[Data shown — start]

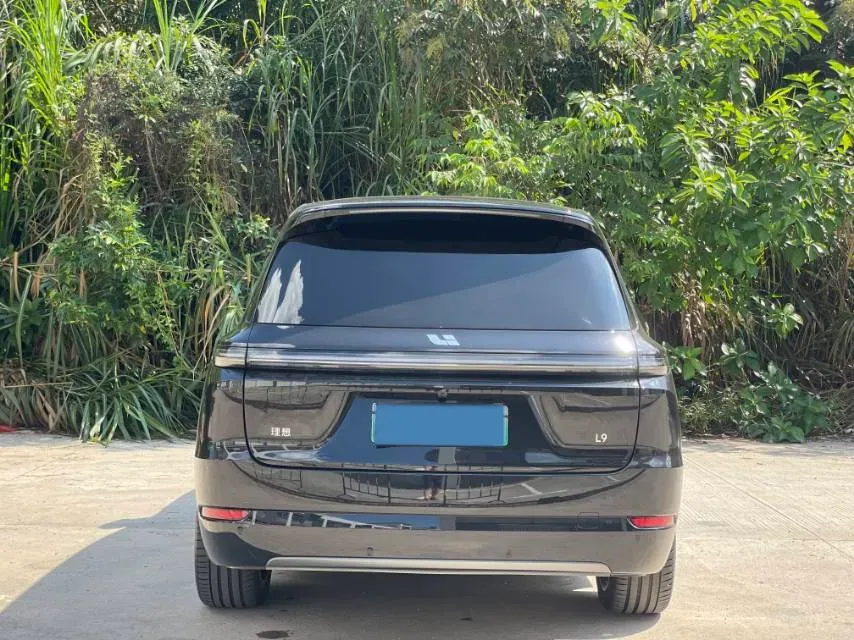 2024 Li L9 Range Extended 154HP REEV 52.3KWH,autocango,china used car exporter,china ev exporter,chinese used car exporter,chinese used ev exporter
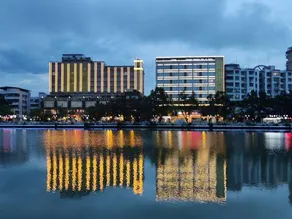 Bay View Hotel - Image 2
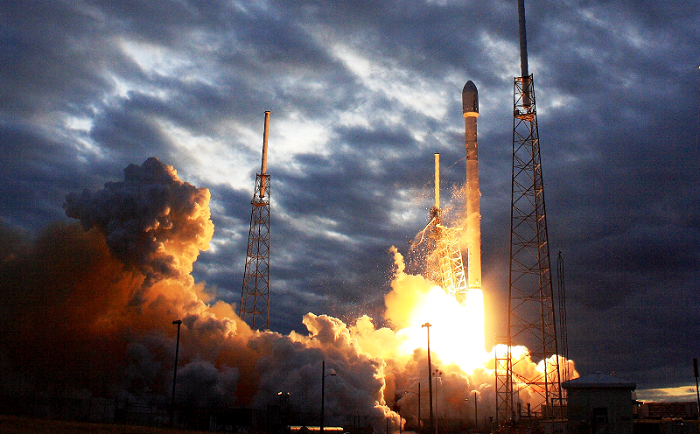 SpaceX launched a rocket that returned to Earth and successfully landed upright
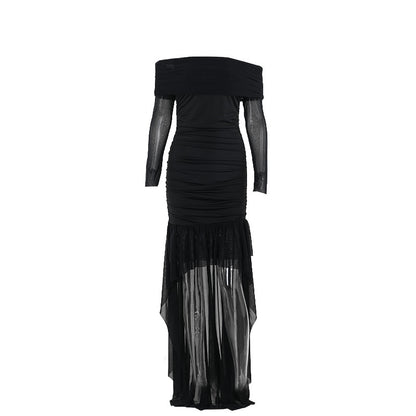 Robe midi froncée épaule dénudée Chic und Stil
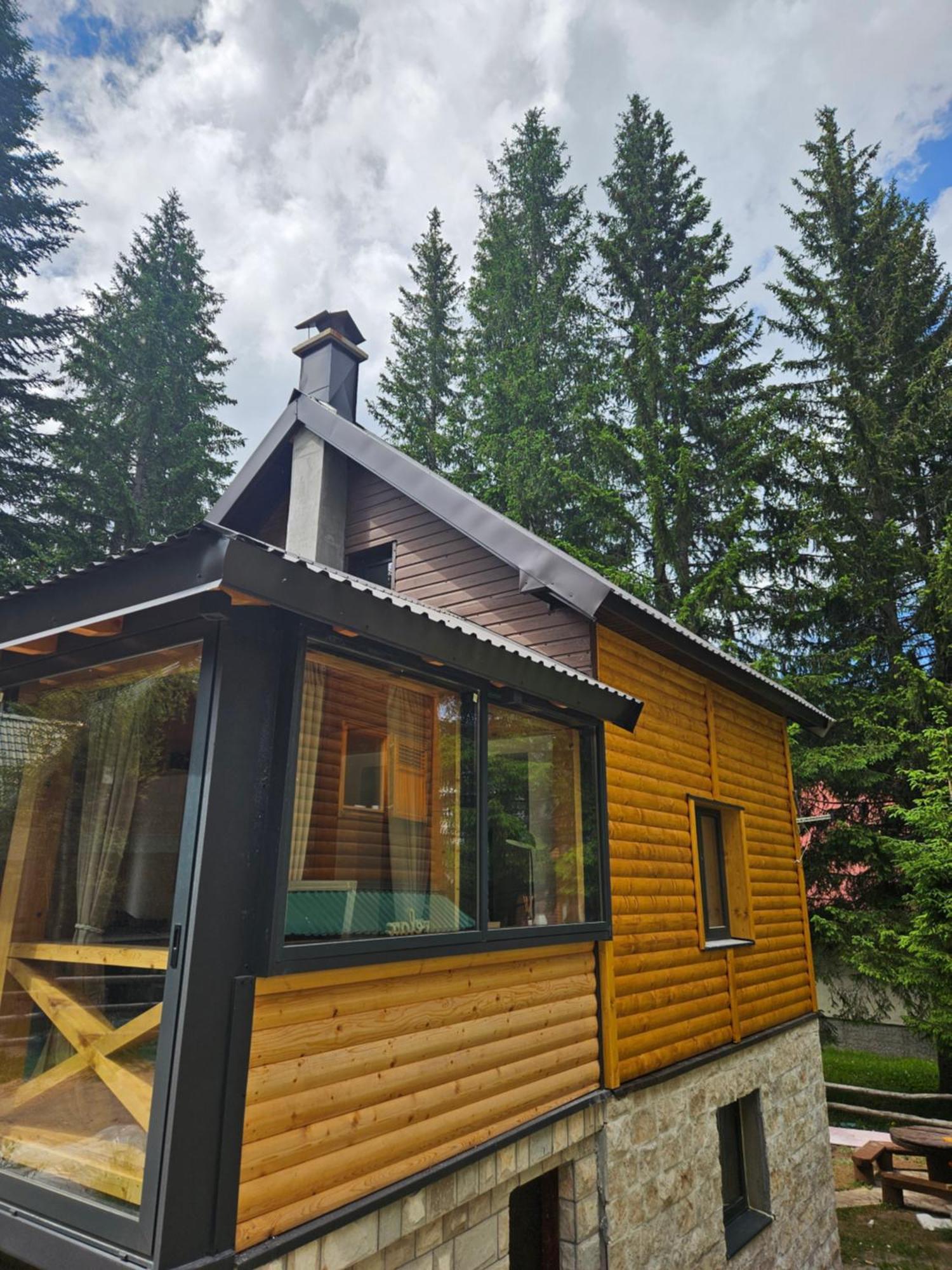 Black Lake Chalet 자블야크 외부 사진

[Data shown — finish]

Please, without any pictures, retype the records exactly as they appear.

> _Solution to this task_:
 2024 Li L9 Range Extended 154HP REEV 52.3KWH,autocango,china used car exporter,china ev exporter,chinese used car exporter,chinese used ev exporter
 Bay View Hotel - Image 2
 SpaceX launched a rocket that returned to Earth and successfully landed upright
 Robe midi froncée épaule dénudée Chic und Stil
 Black Lake Chalet 자블야크 외부 사진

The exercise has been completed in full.